## Explanation of the Code for Selecting Representative and Uncorrelated Metrics

The main objective of the code is to select the most representative and least correlated metrics from various textual datasets. Below are the steps and formulas used in the process:

### 1. Filtering Columns by Variance

The variance of each column is calculated, and columns with variance less than or equal to a threshold (`variance_threshold`) are removed.

### 2. Filtering Columns by Correlation

The correlation matrix of the remaining columns is calculated, and columns with a correlation greater than a threshold (`correlation_threshold`) are removed. We place a high emphasis on correlation to avoid the issue of feature importance distribution in methods like Random Forest.

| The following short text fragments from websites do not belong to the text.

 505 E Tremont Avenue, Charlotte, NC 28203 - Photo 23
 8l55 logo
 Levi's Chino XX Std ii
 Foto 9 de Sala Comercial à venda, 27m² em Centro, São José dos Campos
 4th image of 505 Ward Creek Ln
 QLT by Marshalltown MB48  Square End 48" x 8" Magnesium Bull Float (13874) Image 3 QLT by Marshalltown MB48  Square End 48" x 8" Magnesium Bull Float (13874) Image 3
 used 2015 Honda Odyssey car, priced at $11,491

### 3. Principal Component Analysis (PCA)

PCA is applied to reduce dimensionality and select the most representative variables. PCA transforms the original variables into a new set of uncorrelated variables called principal components.

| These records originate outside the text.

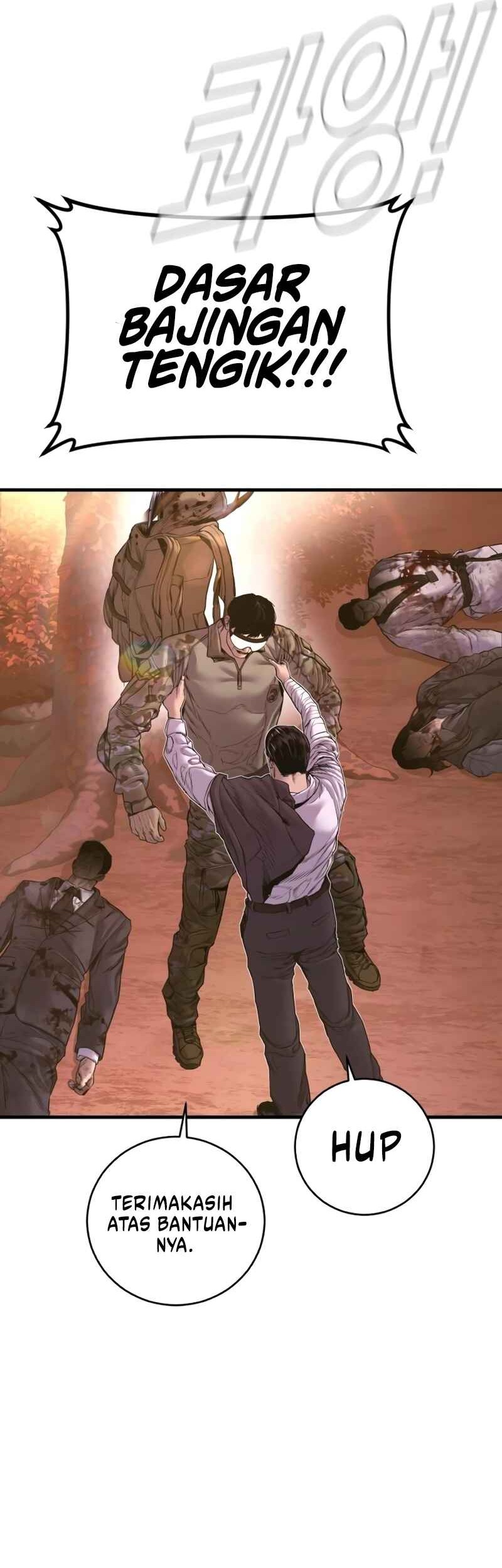 Chapter 183 - halaman 30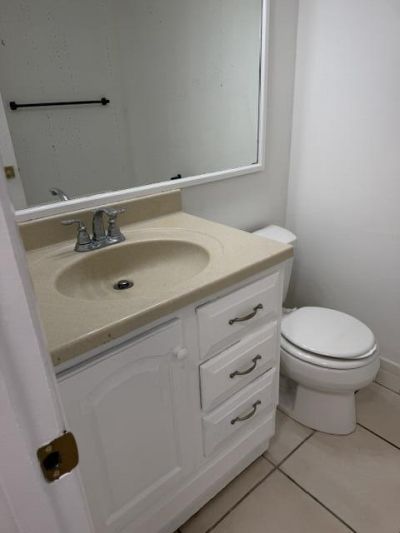 3001 San Clara Drive, Unit 4-a, Delray Beach, FL 33445 Photo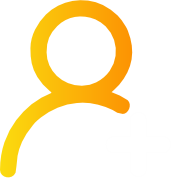Daftar PERAK777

### 4. Variable Selection Based on Loadings

Variables with an absolute loading greater than or equal to a threshold (`loading_threshold`) in at least one principal component are selected.

### 5. Combining Results

Finally, the selected variables from all datasets are combined and the results are saved.

### Process Summary

1. **Variance Filtering**: Remove columns with low variance.
2. **Correlation Filtering**: Remove highly correlated columns. We place a high emphasis on correlation to avoid the issue of feature importance distribution in methods like Random Forest.
3. **PCA**: Reduce dimensionality and select variables based on loadings.
4. **Combination**: Combine selected variables from all datasets.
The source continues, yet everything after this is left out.